Forces in between

Scientists have for the first time measured the force that attracts two closely-held plates

 
Published: Monday 31 March 1997

A WEAK force comes into play when two parallel plates are placed a fraction of a millimetre apart in a vacuum, pulling the plates together. But numerous attempts to measure this effect, predicted by the Dutch scientist Hendrik Casimir in 1948, have failed.

Now Steven Lamoreaux at the Los Alamos National Laboratory in New Mexico has used a torsion pendulum connected to two surfaces to measure the force and has come up with a value which matches Casimir's prediction to within five per cent.

According to quantum theory, empty space is not truly empty but contains virtual photons and other virtual particles which pop into and out of existence.
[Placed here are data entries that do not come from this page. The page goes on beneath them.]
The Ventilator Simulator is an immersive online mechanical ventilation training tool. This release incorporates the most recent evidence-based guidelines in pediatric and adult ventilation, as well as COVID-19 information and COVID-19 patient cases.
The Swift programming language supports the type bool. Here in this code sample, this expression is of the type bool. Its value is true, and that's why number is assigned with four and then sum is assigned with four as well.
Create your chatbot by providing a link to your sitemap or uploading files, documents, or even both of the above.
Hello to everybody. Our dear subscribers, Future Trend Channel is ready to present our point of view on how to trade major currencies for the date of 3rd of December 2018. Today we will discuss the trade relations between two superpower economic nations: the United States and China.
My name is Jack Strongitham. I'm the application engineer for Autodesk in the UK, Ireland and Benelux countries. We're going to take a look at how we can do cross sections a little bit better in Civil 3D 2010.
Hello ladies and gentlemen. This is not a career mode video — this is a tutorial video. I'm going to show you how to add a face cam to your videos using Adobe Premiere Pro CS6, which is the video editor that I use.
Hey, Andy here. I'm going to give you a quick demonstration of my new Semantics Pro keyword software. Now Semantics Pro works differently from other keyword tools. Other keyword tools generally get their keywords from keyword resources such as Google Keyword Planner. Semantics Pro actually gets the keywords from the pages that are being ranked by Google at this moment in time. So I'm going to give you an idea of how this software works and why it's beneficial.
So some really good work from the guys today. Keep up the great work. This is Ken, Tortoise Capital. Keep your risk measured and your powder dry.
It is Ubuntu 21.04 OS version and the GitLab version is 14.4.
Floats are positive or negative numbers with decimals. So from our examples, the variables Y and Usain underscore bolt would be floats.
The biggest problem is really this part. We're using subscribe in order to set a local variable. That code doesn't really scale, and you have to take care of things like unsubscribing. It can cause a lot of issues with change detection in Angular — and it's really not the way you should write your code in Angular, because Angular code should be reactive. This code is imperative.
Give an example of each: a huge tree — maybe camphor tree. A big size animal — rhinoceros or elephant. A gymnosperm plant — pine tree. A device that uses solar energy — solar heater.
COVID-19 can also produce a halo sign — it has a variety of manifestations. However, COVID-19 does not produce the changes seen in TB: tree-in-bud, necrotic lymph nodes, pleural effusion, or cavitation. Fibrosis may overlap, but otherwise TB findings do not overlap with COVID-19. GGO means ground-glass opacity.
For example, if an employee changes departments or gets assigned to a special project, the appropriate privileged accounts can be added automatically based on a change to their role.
In the space between two plates erected close together in a vacuum, only those virtual photons whose wavelengths fit into the gap many times can exist. So there must be fewer virtual photons between the plates than outside them, and this imbalance produces a small force that pushes them together.

Lamoreaux found that the Casimir force varied with the separation between the two surfaces. When they were 0.75 micrometres apart, the force was around one billionth of a newton. Ed Hinds of the Sussex Centre for Optical and Atomic Physics at Sussex University is enthusiastic about this result: "The experiment is a beautiful demonstration of an effect we all believed in."